Further, and even more practically, a property right in data isn’t needed to establish consumer privacy rights. For evidence of this fact, one only needs only to consult the current laws in the United States. The Gramm-Leach-Bliley Act (GLBA), the Fair Credit Reporting Act (FCRA), the Children’s Online Privacy Protection Act (COPPA), and the California Consumer Privacy Act (CCPA), just to name a few, all protect privacy without creating property rights. As Stanford Law Professor Lothar Determann has said quite bluntly, “no one owns data” because data are already “subject to a complex landscape of access rights and restrictions.”[8] Privacy regulation already defines certain kinds of entitlements to control and contract upon data. Adding a superordinate property right on top of these existing restrictions would make the entire enterprise all that more complicated and undermine current efforts to grant consumers control. If data property rights were implemented, for example, would an individual be able to limit critical information from being shared with credit rating agencies?

Determann isn’t the only scholar of privacy who opposes propertization efforts. Technologist Larry Downes has been critical of the idea and instead prefers the current licensing model since it “recognizes that most information with economic value is the collaborative creation of multiple sources, including individuals and service providers.”[9] Law Professor Julie Cohen has argued against privacy as property as well since it doesn’t uphold the values of autonomy and participation that are so central to privacy.[10] European law professor Bart Schermer agreed with Cohen when the issue was raised in 2015 as an alternative to the European Union’s (EU) General Data Protection Regulation (GDPR), saying that “Reducing the discussion about privacy and personal data to a discussion about ownership oversimplifies the discussion about privacy in the information society and may lead to sub-optimal results when it comes to regulating the use of personal data.”[11] But Dr. Mark MacCarthy of Georgetown University said it best, laying out the world of data property rights as “a privacy nightmare rather than a privacy paradise.”[12] As much as there is disagreement in privacy advocacy and scholarship, there is consistent agreement that propertizing data has serious limits.

Finally, pricing data, which is one stated goal of data property rights, will have deleterious effects on privacy expectations. As Jason Aaron Gabisch and George R. Milne reported in the Journal of Consumer Marketing, “The findings show that receiving compensation, especially when it is a monetary reward, reduces consumer expectations for privacy protection.”[13]

Valuing Data

Four methods can be employed to value intangibles such as data: income-based methods, market rates, cost methods, and shadow prices.
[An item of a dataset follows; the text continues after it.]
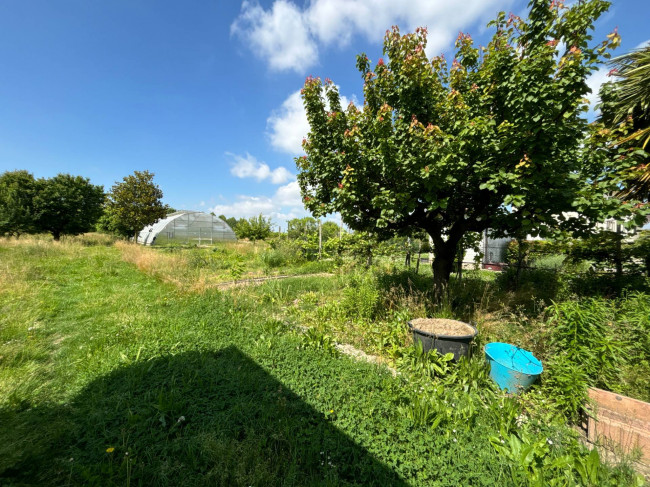 Casa singola in vendita a San Donà di Piave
Most popular data valuations are accomplished through income derivations, often by simply dividing the total market capitalization or revenue of a firm by the total number of users. For those in finance, this method seems most logical since it is akin to an estimate of future cash flows. In a Wired article, for example, Antonio Garcia Martinez placed an upper bound of $112 on the value of data for users in the United States, citing Facebook’s 2018 annual report.[14] Similarly, when Microsoft bought LinkedIn, reports suggested that it was buying monthly active users at a rate of $260 per user.[15] Stanford Law Professor A. Douglas Melamed argued before the Senate Judiciary that the upper-bound value on data should at least be cognizant of the acquisition cost for advertisements—putting the total value per user at around $16.[16]
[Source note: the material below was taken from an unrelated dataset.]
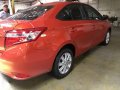 2017 Toyota Vios for sale-2
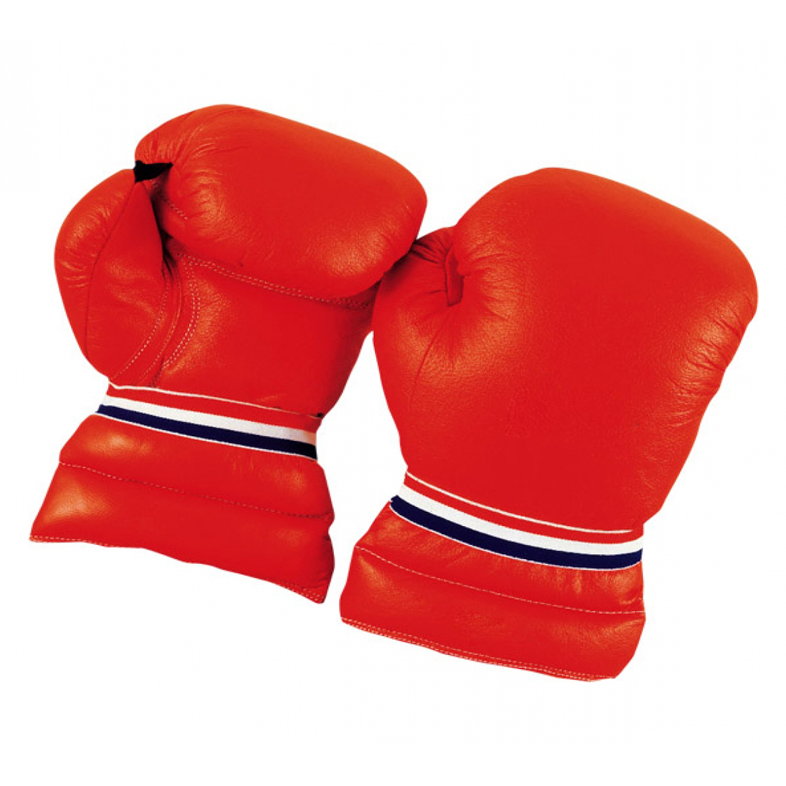 Boxing Gloves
Still, these income-based valuations aren’t exact estimates because they are not capturing a user’s ability to marginally earn revenue, which is where the price would be set. As noted before, inferential data is the key for platform operators, as it drives advertising decisions and helps determine what content is presented to users. Thus, the ultimate value of a user’s data would combine the value of that user’s data to increase all their friend’s demand for content and the value of that user’s data to contribute to increases in advertising demand. Calculating marginal income valuations in this manner are difficult, but Shapley values have been shown as a viable method theoretically.[17],[18] Still, it remains unclear if firms would be able to implement this method on their platform.[19] Needless to say, income-based valuations are difficult.
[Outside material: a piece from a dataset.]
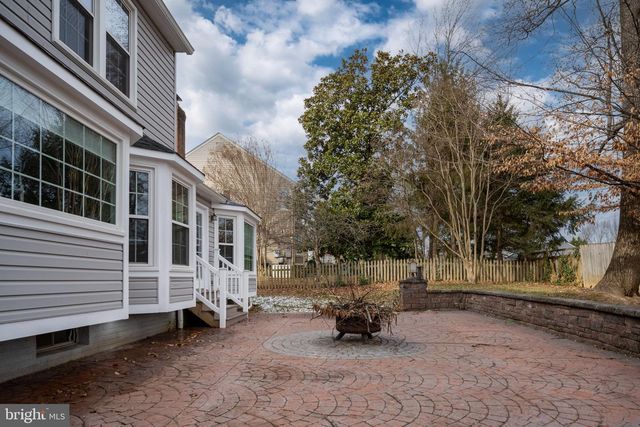 30 LARKWOOD CT, Stafford, VA 22554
Second, market prices are another method of valuing data, and they tend to place the lowest premium on data. For example:

  • Vice recently reported that Departments of Motor Vehicles across the United States have been selling individual records for as little as one cent each;[20]
  • Wired editor Gregory Barber sold his location data, Apple Health data, and Facebook data, and all he got was a paltry $0.003 for everything together;[21]
  • After a breach at Facebook, Facebook logins were selling on the dark web for $2.60 per user;[22]
  • Advertisers typically pay $0.005 for complete profile for an individual;[23]
  • General information about a person, such as their age, gender, and location is worth a mere $0.0005 per person, or $0.50 per 1,000 people;[24]
  • Auto buyers are worth about $0.0021 per person, or $2.11 for every 1,000 people;[25] and
  • For $0.26 per person, buyers can access lists of people with specific health conditions or taking certain prescriptions.[26]

In reviewing these estimates, The Financial Times noted that “the sum total for most individuals often is less than a dollar.” It is worth noting that sub $1 payments have been unprofitable for firms to process due to the fixed technical costs for developing the backend architecture and hardware, storage costs for transaction integrity and legal purposes, computational costs for processing payments, communication costs for information transfer, and administrative costs.[27]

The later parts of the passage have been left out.